• _Provided data_

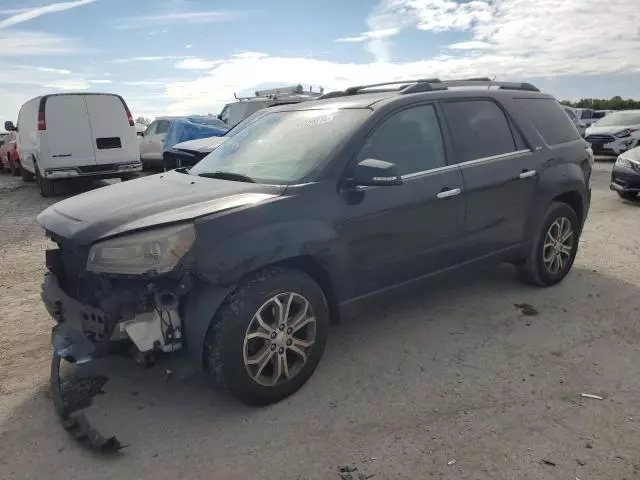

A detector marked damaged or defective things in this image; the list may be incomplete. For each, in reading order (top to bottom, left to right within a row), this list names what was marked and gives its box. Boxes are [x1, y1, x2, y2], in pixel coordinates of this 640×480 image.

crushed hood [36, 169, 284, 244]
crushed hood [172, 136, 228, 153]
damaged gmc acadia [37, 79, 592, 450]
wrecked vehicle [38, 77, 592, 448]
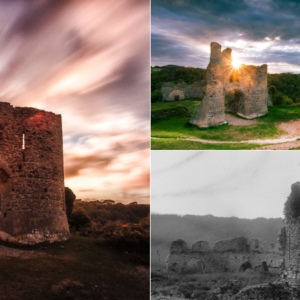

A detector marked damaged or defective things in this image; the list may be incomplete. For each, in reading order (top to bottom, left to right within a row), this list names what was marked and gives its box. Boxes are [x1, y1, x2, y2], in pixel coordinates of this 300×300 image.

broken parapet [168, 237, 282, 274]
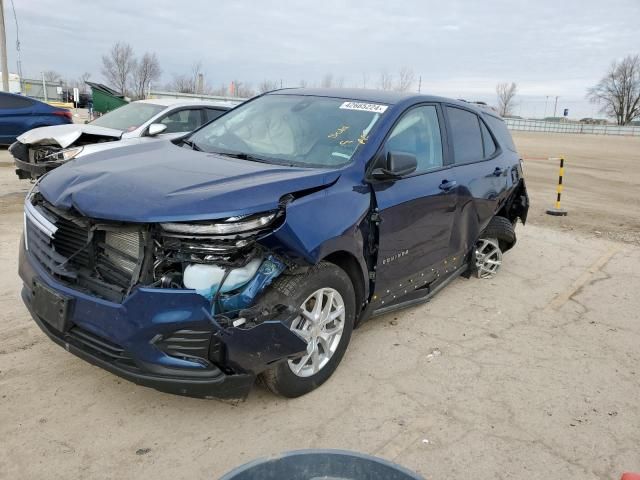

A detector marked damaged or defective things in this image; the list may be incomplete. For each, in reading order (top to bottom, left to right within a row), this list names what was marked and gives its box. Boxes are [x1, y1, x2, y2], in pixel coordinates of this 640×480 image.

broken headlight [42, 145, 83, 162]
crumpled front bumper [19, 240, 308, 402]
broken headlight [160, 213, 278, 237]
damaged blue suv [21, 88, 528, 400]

• _Your assignment_
Ignoring the pictures, write out word for word the lines from the line containing "this 300×300 image." through the end of the material above.

• _Answer area_
A detector marked damaged or defective things in this image; the list may be incomplete. For each, in reading order (top to bottom, left to right within a row), this list names what was marked and gives its box. Boxes are [x1, y1, x2, y2], in pixel coordinates of this 300×300 image.

broken parapet [168, 237, 282, 274]

A detector marked damaged or defective things in this image; the list may be incomplete. For each, in reading order (top to bottom, left to right within a row), this list names what was marked and gives its box. Boxes are [x1, y1, x2, y2], in pixel coordinates of this 640×480 image.

broken headlight [42, 145, 83, 162]
crumpled front bumper [19, 240, 308, 402]
broken headlight [160, 213, 278, 237]
damaged blue suv [21, 88, 528, 400]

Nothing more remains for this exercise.